We also cannot sustain the allegation of the petitioners that assuming the signatures indicate
consent, such consent was merely conditional, and that, the effectivity of the alleged Contract to
Sell was subject to the suspensive condition that the sale be approved by all the co-owners. The
Contract to Sell is clear enough. It is a cardinal rule in the interpretation of contracts that if the
terms of a contract are clear and leave no doubt upon the intention of the contracting parties,
the literal meaning of its stipulation shall control.
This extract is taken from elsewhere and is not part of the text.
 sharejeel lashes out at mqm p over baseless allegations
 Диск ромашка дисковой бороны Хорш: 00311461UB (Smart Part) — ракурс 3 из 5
The terms of the Contract to Sell made no
mention of the condition that before it can become valid and binding, a unanimous consent of
all the heirs is necessary. Thus, when the language of the contract is explicit, as in the present
case, leaving no doubt as to the intention of the parties thereto, the literal meaning of its
stipulation is controlling.

Therefore, this Court finds no error in the findings of the Court of Appeals that all the
petitioners who were signatories in the Contract to Sell are bound thereby.

The final arguments of petitioners state that the Contract to Sell is void altogether considering
that respondent itself did not sign it as to indicate its consent to be bound by its terms; and
moreover, the Contract to Sell is really a unilateral promise to sell without consideration distinct
from the price, and hence, again, void. Said arguments must necessarily fail.

The Contract to Sell is not void merely because it does not bear the signature of the respondent
corporation. Respondent corporations consent to be bound by the terms of the contract is shown
in the uncontroverted facts which established that there was partial performance by respondent
of its obligation in the said Contract to Sell when it tendered the amount of P100,000.00 to form
part of the purchase price, which was accepted and acknowledged expressly by petitioners.

(IMPORTANT DISCUSSION)

As a final point, the Contract to Sell entered into by the parties is not a unilateral promise to sell
merely because it used the word option money when it referred to the amount of P100,000.00,
which also form part of the purchase price.

Settled is the rule that in the interpretation of contracts, the ascertainment of the intention of
the contracting parties is to be discharged by looking to the words they used to project that
intention in their contract, all the words, not just a particular word or two, and words in context,
not words standing alone.

In the instant case, the consideration of P100,000.00 paid by respondent to petitioners was
referred to as option money. However, a careful examination of the words used in the contract
indicates that the money is not option money but earnest money. Earnest money and option
money are not the same but distinguished thus: (a) earnest money is part of the purchase price,
while option money is the money given as a distinct consideration for an option contract; (b)
earnest money is given only where there is already a sale, while option money applies to a sale
not yet perfected; and, (c) when earnest money is given, the buyer
is bound to pay the balance, while when the would-be buyer gives option money, he is not
required to buy, but may even forfeit it depending on the terms of the option.

The sum of P100,000.00 was part of the purchase price. Although the same was denominated
as option money, it is actually in the nature of earnest money or down payment when
considered with the other terms of the contract. Doubtless, the agreement is not a mere
unilateral promise to sell, but, indeed, it is a Contract to Sell as both the trial court and the
appellate court declared in their Decisions.